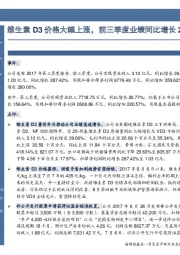 维生素D3价格大幅上涨,前三季度业绩同比增长287%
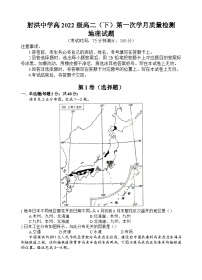 四川省遂宁市射洪中学2023-2024学年高二下学期4月月考地理试卷（Word版附答案）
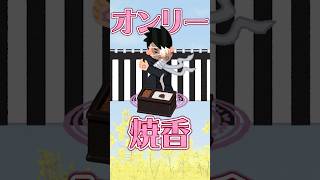 ためにならないことわざ 086 論より証拠 → ことわざの意味はコメント欄に書いてあるよ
========================
(Task details):
The lines above should be transcribed exactly, with every image removed.

(Exercise response):
 维生素D3价格大幅上涨,前三季度业绩同比增长287%
 四川省遂宁市射洪中学2023-2024学年高二下学期4月月考地理试卷（Word版附答案）
 ためにならないことわざ 086 論より証拠 → ことわざの意味はコメント欄に書いてあるよ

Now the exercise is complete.